North Calgary

Defunct provincial electoral district
- Legislature: Legislative Assembly of Alberta
- District created: 1913
- District abolished: 1921
- First contested: 1913
- Last contested: 1917

= North Calgary =

Defunct provincial electoral district in Alberta, Canada

North Calgary was a provincial electoral district in Calgary, Alberta, Canada, mandated to return a single member to the Legislative Assembly of Alberta using the first past the post method of voting from 1913 to 1921.

==History==

===Boundary history===

North Calgary 1913 boundaries
Bordering districts
| North | East | West | South |
| Cochrane | Gleichen | Centre Calgary, Cochrane | Okotoks |
Legal description from the Statutes of Alberta 1913, An Act to Amend the Act respecting the Legislative Assembly of Alberta.
| riding map goes here |  | map in relation to other districts in Calgary goes here |  |
North Calgary.—All that portion of the City of Calgary as follows: Commencing at the north-east corner of the city limits of the City of Calgary; thence west along the north boundary of the said city limits of the City of Calgary to the north-west corner thereof; thence south along the west boundary of the city limits of the City of Calgary to the point of its intersection with the centre line of the Bow River; thence generally east and south along the said centre line of the Bow River to the point of its intersection with the north boundary of the 23rd townships, being the south boundary of the city limits of the City of Calgary; thence east along the said south boundary of city limits of the City of Calgary to the south-east corner thereof; thence north along the eastern boundary of the city limits of the City of Calgary to the point of commencement, and, Commencing at the north-east corner of township 26, range 29, west of the 4th meridian; thence west along the north boundary of the 26th townships to the meridian line between ranges 2 and 3 west of the 5th meridian; thence south along the said meridian line between ranges 2 and 3, west of the 5th meridian to the point of its intersection with the Bow River; thence generally south-east along the said Bow River to the western boundary of the City limits of the City of Calgary; thence north, east and south following the said city limits of the City of Calgary to the point of its intersection with the north boundary of the 23rd townships; thence east along the said north boundary of the 23rd townships to the meridian line between ranges 28 and 29, west of the 4th meridian; thence north along the said meridian line between ranges 28 and 29, west of the 4th meridian to the point of commencement.
Note: Boundaries came into force in 1913 and lasted until the district was abolished.

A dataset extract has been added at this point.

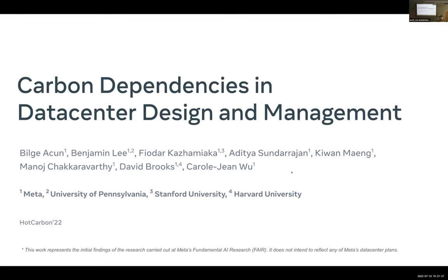Hi everyone. I'm excited to kick off the data center session. My talk is on carbon dependencies that we need to consider in data center design and management. First, I would like to thank my awesome colleagues who contributed to this work. I also want to give a quick disclaimer before starting: this work represents the initial findings of research done at FAIR, and it doesn't intend to reflect any of Meta's data center plans.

Members of the Legislative Assembly for North Calgary
Assembly: Years; Member; Party
See Calgary electoral district from 1905-1913
3rd: 1913–1917; Samuel Hillocks; Conservative
4th: 1917–1920; William Davidson; Independent
1920–1921: Vacant
See Calgary electoral district from 1921-1959

===Electoral history===
The electoral district was created in 1913 as part of a contentious boundary redistribution that saw the Calgary provincial electoral district broken up into three single member constituencies, the other two being South Calgary and Centre Calgary. Conservative candidates won all three districts that year on a wave of anti Liberal support in the city as electors were unhappy with Premier Arthur Sifton.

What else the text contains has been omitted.